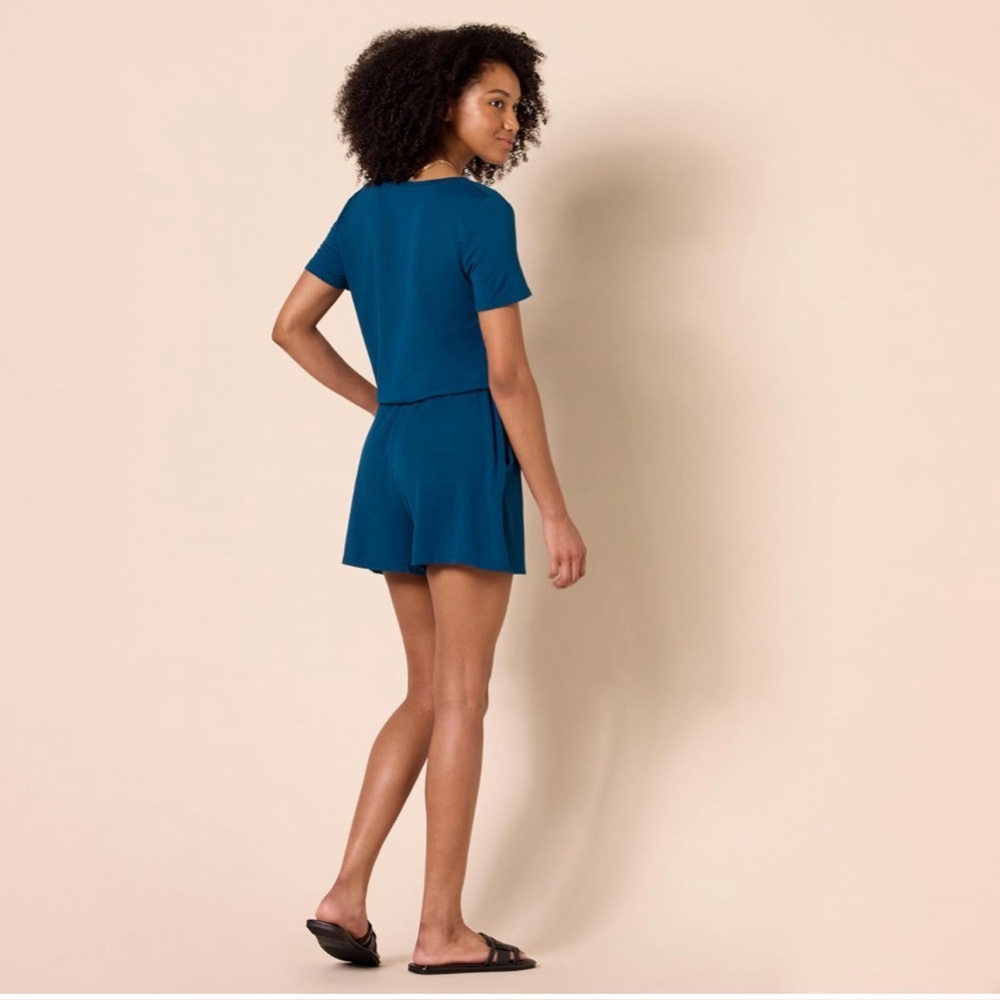 Daily Ritual Women's Supersoft Terry Short-Sleeve V-Neck Romper - Picture 2 of 4
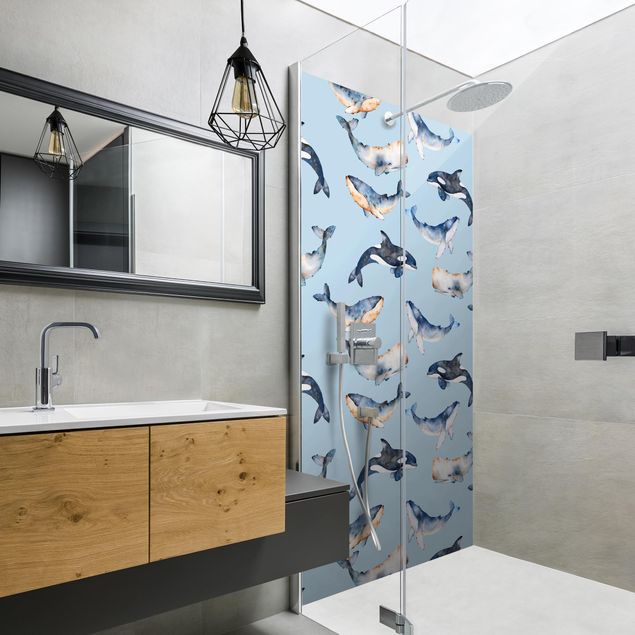 Panneau mural salle de bain Baleine Illustrée à l'Aquarelle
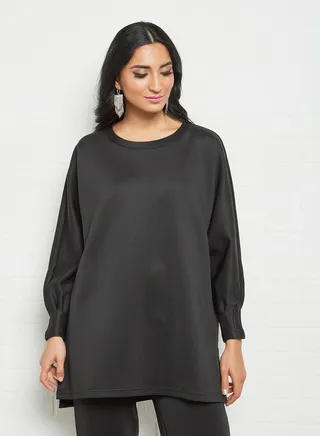 Round Neck Modest Top Black 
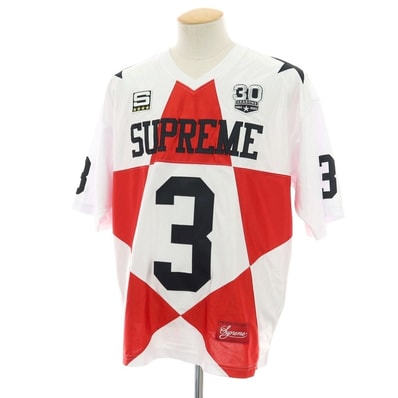 【中古】シュプリーム Supreme 2024年秋冬 Star Football Jersey ポリエステル 半袖Tシャツ ホワイトxレッド【サイズS】【メンズ】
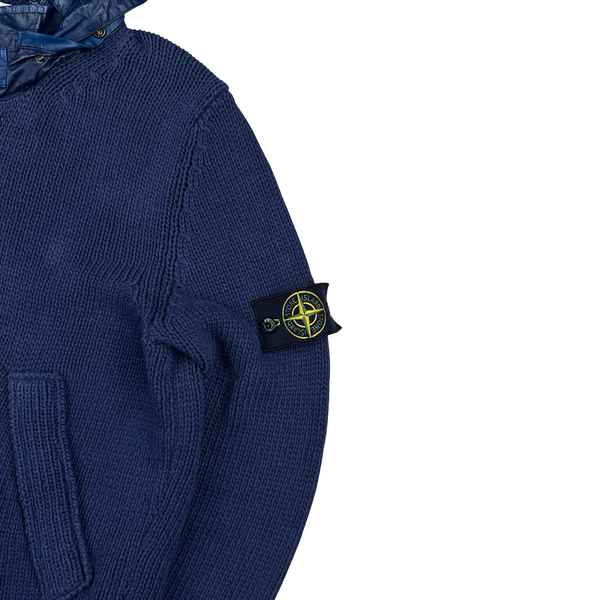 Stone Island 2012 Heavyweight Knit Mussola Hooded Jumper - Medium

## What needs to be done
Each line from the one with "Round Neck Modest Top Black" through the final line of the records must be copied exactly, with no pictures and no additional lines.

## Exercise output
 Round Neck Modest Top Black 
 【中古】シュプリーム Supreme 2024年秋冬 Star Football Jersey ポリエステル 半袖Tシャツ ホワイトxレッド【サイズS】【メンズ】
 Stone Island 2012 Heavyweight Knit Mussola Hooded Jumper - Medium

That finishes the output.